Zombie: A Maldição dos Mortos-Vivos (1978)
Se tentou outros caminhos, Romero nunca conseguiu replicar o êxito comercial do primeiro filme de zombies. E assim, dez anos depois, com o patrocínio activo de Dario Argento (então no auge como “mestre do giallo”) e um orçamento 15 vezes superior (um milhão e meio de dólares), voltou ao assunto, efectivamente transformando os “mortos” numa série. Em parte um remake, numa escala mais vasta (a todos os níveis), do primeiro filme, Dawn of the Dead deixava claro o interesse de Romero: os zombies são o fenómeno, mais ou menos abstracto, que conduz a sociedade a um ponto de ruptura.
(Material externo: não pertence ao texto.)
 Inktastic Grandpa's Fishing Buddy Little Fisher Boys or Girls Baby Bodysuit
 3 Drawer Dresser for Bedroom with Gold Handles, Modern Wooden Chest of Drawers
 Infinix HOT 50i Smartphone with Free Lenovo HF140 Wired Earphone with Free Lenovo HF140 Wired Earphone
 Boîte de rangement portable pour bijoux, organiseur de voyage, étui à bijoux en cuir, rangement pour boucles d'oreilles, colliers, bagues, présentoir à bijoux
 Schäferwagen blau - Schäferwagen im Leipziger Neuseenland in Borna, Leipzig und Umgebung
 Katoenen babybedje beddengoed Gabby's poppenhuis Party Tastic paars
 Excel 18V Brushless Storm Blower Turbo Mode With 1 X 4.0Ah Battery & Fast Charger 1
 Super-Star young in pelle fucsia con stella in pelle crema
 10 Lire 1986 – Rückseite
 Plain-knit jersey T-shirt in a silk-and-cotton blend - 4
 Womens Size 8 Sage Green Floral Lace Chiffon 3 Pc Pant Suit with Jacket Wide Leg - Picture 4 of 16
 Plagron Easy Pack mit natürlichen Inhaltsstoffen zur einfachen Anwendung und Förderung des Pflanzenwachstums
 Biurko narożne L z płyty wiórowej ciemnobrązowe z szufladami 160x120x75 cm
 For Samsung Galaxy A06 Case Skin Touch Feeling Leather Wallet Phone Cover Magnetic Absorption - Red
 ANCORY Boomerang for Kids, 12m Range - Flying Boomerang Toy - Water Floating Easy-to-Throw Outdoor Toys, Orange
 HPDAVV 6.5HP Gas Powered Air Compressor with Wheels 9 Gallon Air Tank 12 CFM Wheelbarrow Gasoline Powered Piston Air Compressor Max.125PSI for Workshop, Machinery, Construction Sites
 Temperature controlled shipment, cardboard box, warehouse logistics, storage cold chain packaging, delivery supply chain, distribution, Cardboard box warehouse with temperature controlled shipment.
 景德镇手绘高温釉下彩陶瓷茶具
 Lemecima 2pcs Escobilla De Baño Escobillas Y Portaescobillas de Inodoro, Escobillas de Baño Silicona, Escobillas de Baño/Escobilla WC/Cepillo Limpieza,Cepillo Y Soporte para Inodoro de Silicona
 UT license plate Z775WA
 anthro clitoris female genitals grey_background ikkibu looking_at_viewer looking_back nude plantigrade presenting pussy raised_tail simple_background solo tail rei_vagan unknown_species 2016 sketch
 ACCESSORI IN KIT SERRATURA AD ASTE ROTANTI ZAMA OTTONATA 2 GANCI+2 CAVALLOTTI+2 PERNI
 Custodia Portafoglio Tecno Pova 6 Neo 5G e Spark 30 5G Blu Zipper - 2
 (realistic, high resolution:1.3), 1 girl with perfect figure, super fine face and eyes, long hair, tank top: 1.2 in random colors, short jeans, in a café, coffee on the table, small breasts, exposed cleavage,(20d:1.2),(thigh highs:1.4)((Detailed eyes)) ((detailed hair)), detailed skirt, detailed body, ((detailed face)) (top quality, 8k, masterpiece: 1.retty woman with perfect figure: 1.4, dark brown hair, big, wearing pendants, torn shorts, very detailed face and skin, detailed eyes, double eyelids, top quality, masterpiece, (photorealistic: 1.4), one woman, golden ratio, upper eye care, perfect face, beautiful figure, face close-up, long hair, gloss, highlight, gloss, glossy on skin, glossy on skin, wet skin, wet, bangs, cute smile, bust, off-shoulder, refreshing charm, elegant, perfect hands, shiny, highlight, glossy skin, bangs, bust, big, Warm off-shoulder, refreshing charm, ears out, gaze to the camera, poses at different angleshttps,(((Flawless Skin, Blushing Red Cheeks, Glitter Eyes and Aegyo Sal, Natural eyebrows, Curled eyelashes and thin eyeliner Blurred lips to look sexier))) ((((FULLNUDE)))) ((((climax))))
E esse ponto de ruptura (sobretudo nas suas implicações políticas) é o que ele quer mesmo filmar.
Atracção Diabólica (1988)
Outro desvio da temática zombie, para uma “experiência” de medo que está algures entre Hitchcock (o protagonista, como o James Stewart da Janela Indiscreta, está confinado a uma cadeira de rodas) e a brusquidão dos Contos do Imprevisto, de Roald Dahl. O título português escolheu a palavra “atracção”, então muito em voga por causa da Atracção Fatal, de Adrian Lyne. Mas é mesmo isso: a perturbantíssima história de uma macaca desenvolvida em laboratório e da sua “atracção”, ciumenta, possessiva e assassina, pelo protagonista quadriplégico. Um filme dum arrojo quase inacreditável, numa atmosfera fria como um pesadelo.
Diário dos Mortos (2007)
Com os “mortos” transformados no periódico “bilhete-postal” que Romero enviava dando conta das suas observações sobre o “estado do mundo” (e que em 2005 originara Terra dos Mortos, o mais carpenteriano dos Romeros), Diário dos Mortos actualizava a saga para o tempo da Internet e do YouTube. O filme construía-se assim, num feixe de imagens colhidas nas mais diversas fontes, como uma recolha de imagens de telemóvel ou de câmaras de segurança, e os zombies já importavam menos do que o retrato de um mundo assim “atomizado” pela enxurrada de imagens, onde cada um transporta, no seu telemóvel, a sua “verdade” (ou as suas “fake news”), e todo e qualquer sentido “comunitário” está corroído à partida. Quase paródico, mas de uma presciência que é, hoje, mais evidente do que há dez anos.